Saturday, August 7, 2010

Health Problems

I’ve been diagnosed by a Russian doctor as having feeble limbs. There are two explanations for this diagnosis. The first is that when interviewed in Russian, I might have answered “da” to a question when I should have said “nyet.” The second explanation is a little more complicated.

Slava wanted a traditional Russian vacation this year. In Soviet times people didn’t do frivolous things like go off to have fun; they got authorization for health treatment at a sanitarium. The experience, I’ve been told, is quite relaxing.

I was quite willing to go to the Health Hotel for ten days. Slava made reservations and booked our flight, then he asked me what kind of health treatment I wanted. I said that I feel perfectly fine. It was the wrong answer. “What?!! You’d take the place of someone who really needs it?!!” We set off to find something wrong with me.

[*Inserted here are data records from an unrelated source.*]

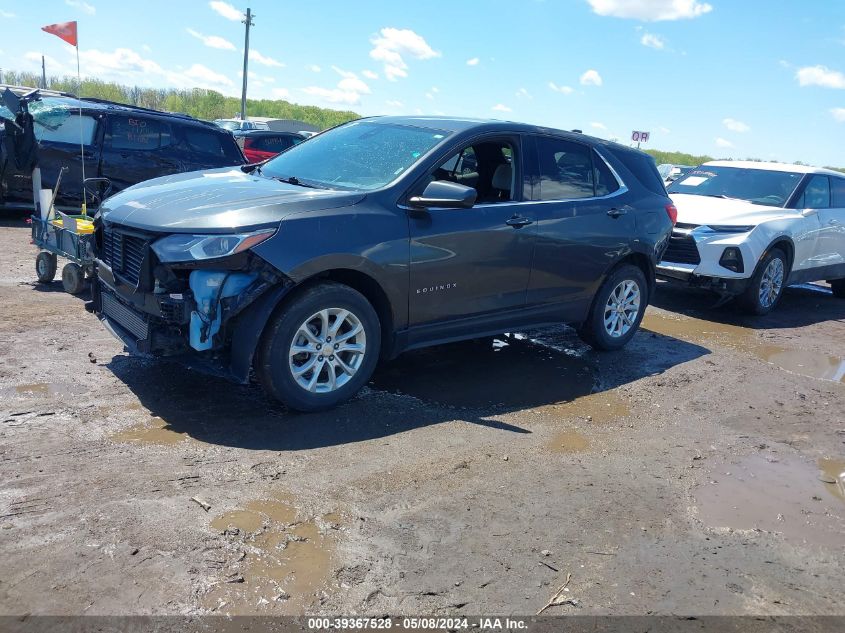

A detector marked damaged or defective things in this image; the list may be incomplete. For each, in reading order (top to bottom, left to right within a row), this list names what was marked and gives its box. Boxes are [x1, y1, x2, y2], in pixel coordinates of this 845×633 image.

crumpled hood [99, 167, 362, 233]
crumpled hood [664, 193, 792, 227]
damaged front end [92, 220, 290, 382]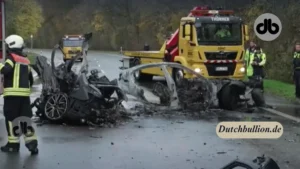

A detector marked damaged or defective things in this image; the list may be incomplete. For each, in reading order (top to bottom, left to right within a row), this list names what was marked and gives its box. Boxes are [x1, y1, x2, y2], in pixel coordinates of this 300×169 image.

burned vehicle wreckage [31, 33, 127, 126]
burned vehicle wreckage [117, 58, 264, 112]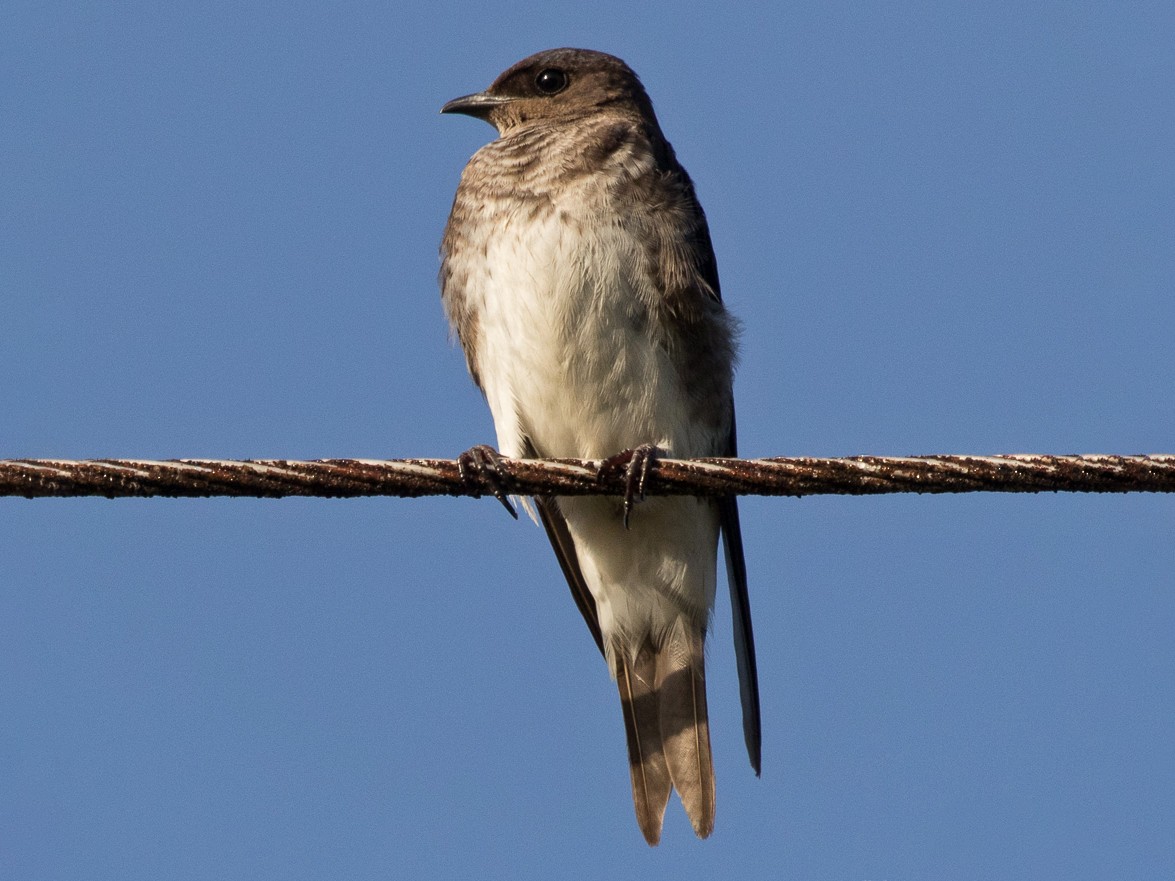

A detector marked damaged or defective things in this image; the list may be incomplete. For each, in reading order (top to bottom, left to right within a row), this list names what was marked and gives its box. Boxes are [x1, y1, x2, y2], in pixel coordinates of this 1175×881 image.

rusty wire [0, 454, 1168, 502]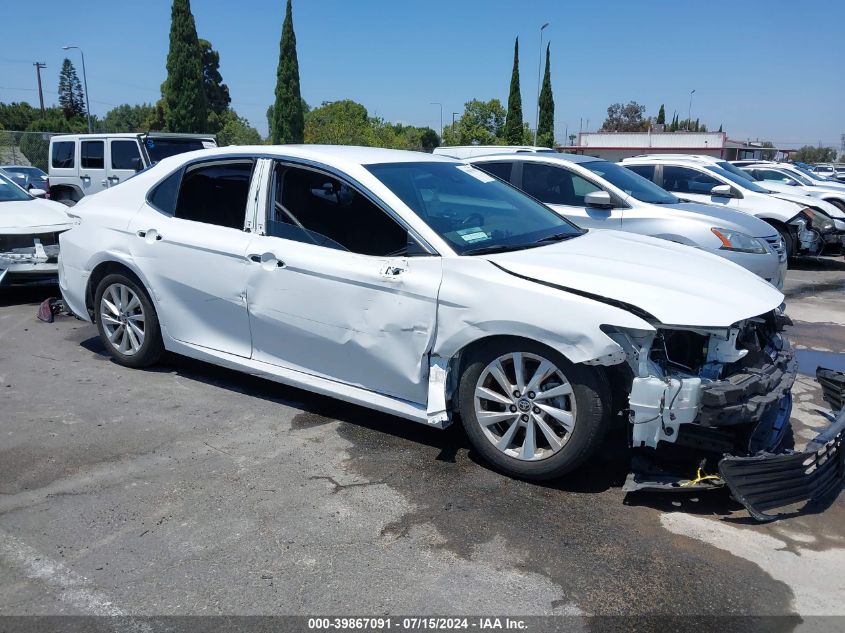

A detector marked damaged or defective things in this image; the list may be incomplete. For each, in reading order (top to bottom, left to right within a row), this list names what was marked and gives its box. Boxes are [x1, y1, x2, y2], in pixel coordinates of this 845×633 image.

crumpled hood [0, 199, 71, 233]
damaged white sedan [0, 170, 72, 284]
cracked passenger door [244, 160, 442, 402]
damaged white sedan [56, 147, 840, 520]
crumpled hood [488, 228, 784, 326]
crumpled hood [664, 202, 776, 237]
broken headlight assembly [708, 226, 768, 253]
detached bumper piece [720, 404, 844, 524]
crushed front bumper [720, 408, 844, 520]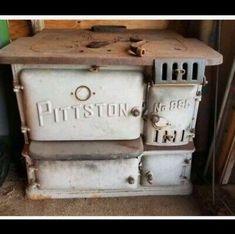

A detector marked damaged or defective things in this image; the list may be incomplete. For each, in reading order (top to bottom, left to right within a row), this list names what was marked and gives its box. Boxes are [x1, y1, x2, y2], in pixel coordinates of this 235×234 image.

rusty stove top [0, 29, 222, 66]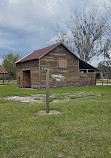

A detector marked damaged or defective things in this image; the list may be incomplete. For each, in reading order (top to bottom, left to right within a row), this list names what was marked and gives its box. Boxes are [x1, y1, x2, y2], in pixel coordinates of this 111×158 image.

rusty metal roof [15, 43, 61, 64]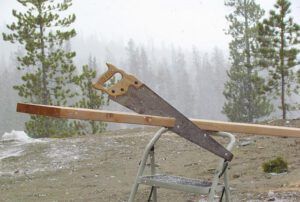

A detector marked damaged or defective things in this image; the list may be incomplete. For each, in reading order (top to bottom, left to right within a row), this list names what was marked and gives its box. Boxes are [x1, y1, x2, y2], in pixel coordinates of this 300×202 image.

rusty saw blade surface [94, 63, 234, 161]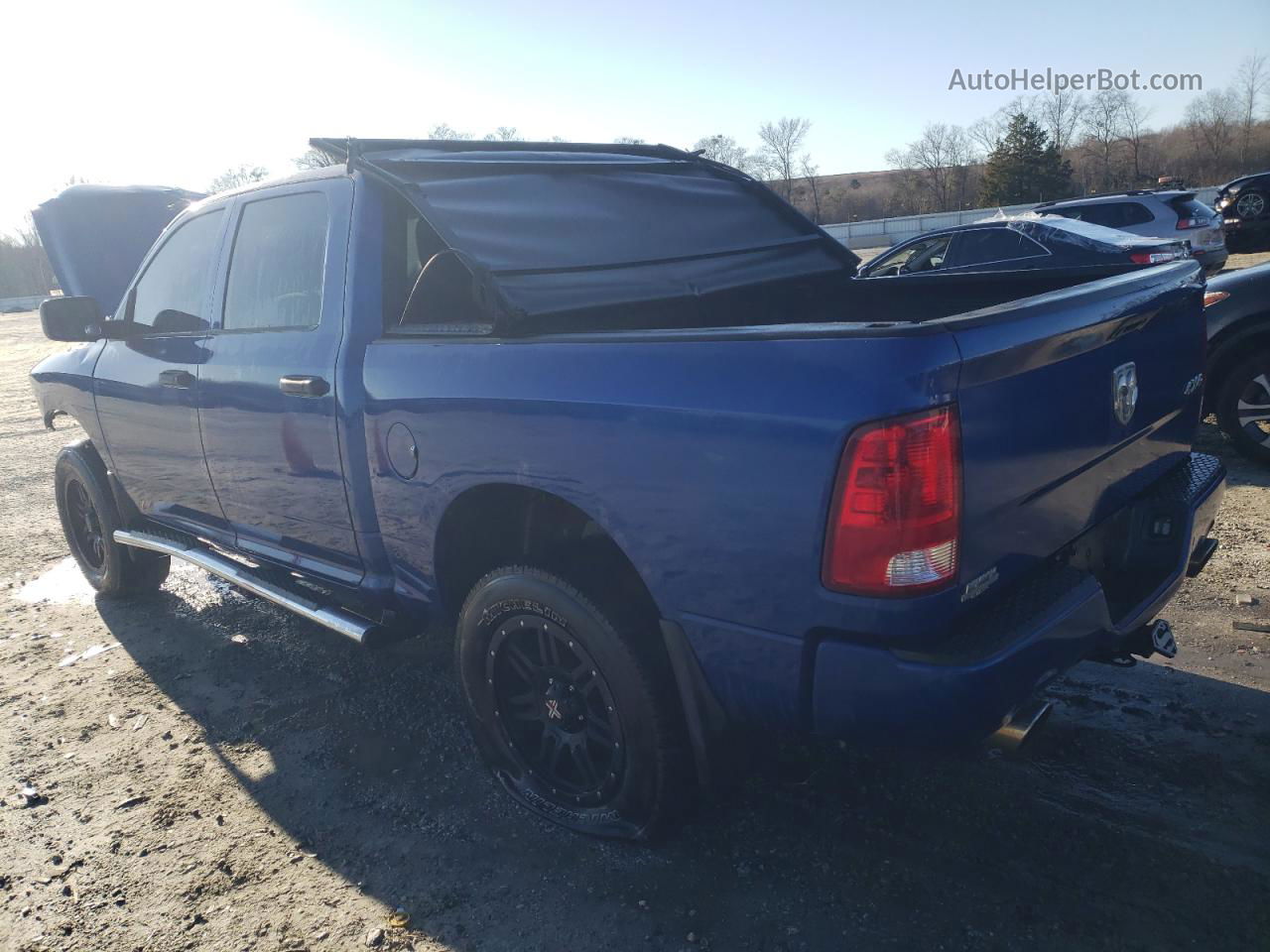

It turns out it’s best if there’s just a little bit wrong with you. Having tuberculosis or HIV or a sexually transmittable disease is not good. So I got a lung x-ray, an EKG, went to a gynecologist, and left blood and urine samples at the Russian Academy of Sciences polyclinic. Everything was normal. It was up to one last doctor to determine a reason for me to go to the Health Hotel for ten days.  

I helpfully suggested that my cardiovascular system might benefit from attention. (It doesn’t get enough attention from me, in the form of regular exercise.) As an essentially lazy person I was thinking that Russian medicine might have a machine that would do the work for me while I lie around for ten days... I think this is how I got the diagnosis of having feeble limbs.